5年刻みのリタイアメントプラン
では実際、一体お金がいくらあれば平穏な老後となるのか。生命保険文化センターの「2022年度生活保障に関する調査」は夫婦で「ゆとりある老後生活を送るための費用」を月37万9000円とするが、三原さんは「そこまでのお金は必要ない」と話す。
「高齢になると食欲や物欲が減り、それほどお金が必要なくなります。いまは配信サービスなどネット経由で低価格の娯楽がたくさんあるので、年金が少なくても楽しい老後生活を送るのは可能です」
そうした自らの欲求と必要な金額を賢く見極め、先を見据えた「備え」によって幸せを手にしたのが夫婦月19万円ほどの年金で老後を過ごすIさん(70才)だ。
「決して年金は多くないけれど、家賃の安い公営住宅に住み、いらないものはネットオークションで売ったりしながら楽しく暮らしています。公営のジムやカルチャーセンターはお金がかからず、夫はもっぱら図書館通い。人生の最終盤に向けてお金の計算もしつつ、幸せに生きています」(Iさん)

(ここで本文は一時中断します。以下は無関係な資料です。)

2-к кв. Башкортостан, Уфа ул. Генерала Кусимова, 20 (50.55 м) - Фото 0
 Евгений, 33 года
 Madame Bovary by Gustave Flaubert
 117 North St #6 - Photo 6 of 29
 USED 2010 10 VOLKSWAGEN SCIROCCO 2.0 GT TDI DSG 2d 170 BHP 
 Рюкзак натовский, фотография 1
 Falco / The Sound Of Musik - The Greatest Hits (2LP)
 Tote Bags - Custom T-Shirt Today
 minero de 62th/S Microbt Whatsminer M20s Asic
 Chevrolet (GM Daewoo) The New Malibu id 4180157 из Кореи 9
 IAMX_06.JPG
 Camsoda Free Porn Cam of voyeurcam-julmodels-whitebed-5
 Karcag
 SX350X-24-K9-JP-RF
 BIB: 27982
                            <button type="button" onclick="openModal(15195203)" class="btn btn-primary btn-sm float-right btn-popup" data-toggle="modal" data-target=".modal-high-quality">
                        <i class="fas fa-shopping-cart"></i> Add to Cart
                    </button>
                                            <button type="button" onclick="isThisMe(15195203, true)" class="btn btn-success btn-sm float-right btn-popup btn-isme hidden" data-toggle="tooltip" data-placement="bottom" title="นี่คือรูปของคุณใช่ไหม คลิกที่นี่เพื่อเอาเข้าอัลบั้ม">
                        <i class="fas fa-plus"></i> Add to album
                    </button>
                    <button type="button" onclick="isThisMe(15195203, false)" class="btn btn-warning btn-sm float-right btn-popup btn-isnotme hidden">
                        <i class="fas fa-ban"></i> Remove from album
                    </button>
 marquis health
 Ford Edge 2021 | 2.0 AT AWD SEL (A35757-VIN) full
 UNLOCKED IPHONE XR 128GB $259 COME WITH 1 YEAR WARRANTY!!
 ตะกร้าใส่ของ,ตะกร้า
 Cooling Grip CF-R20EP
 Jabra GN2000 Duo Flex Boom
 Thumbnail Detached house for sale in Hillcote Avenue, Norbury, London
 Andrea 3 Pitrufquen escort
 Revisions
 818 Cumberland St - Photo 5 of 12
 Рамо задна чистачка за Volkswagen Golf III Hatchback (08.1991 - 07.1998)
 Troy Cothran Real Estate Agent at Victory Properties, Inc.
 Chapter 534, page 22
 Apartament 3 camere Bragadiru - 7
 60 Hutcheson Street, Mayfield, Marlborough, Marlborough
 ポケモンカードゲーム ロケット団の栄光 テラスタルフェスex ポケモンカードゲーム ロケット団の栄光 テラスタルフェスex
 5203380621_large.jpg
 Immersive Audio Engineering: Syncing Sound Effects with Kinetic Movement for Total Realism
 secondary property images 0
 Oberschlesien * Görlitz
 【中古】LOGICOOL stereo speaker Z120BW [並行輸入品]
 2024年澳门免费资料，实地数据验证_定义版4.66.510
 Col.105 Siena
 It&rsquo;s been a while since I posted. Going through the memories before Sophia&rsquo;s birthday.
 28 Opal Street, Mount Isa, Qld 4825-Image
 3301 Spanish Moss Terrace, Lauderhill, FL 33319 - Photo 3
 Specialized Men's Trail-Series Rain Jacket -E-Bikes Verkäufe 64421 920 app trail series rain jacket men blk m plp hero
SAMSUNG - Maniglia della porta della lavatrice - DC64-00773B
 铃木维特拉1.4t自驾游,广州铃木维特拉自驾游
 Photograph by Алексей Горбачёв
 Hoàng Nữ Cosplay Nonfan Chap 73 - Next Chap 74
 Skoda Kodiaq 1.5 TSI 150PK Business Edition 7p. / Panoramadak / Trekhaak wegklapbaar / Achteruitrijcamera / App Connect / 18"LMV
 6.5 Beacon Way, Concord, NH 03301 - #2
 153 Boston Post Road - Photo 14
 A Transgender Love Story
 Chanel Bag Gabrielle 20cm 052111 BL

37万9000円のおよそ半分の金額でも生活を見直せば、充分ゆとりある老後を送ることができるのだ。
身の丈に合った本当に幸せな老後の生活を送るために北村さんは「5年刻みのリタイアメントプラン」を推奨する。まず65才から69才、70才から74才と老後を5年単位で区切り、その期間に必要な生活費を試算する。60代後半はまだアクティブなので月36万円、体が衰え始める70代前半は月30万円……と試算し、そこからもらえる予定の年金を引き算して月に必要な額を導き出す。
「その額を目標に働いたり、貯金を取り崩す計画を立てたりするんです。最も大切なのは人生の最後までを想像して必要なお金を準備すること。それに加えて、体と心の健康を維持できるよう努力することも重要です」(北村さん)
現実を直視して未来に備えれば、年金がもたらす老後はきっと天国になるはずだ。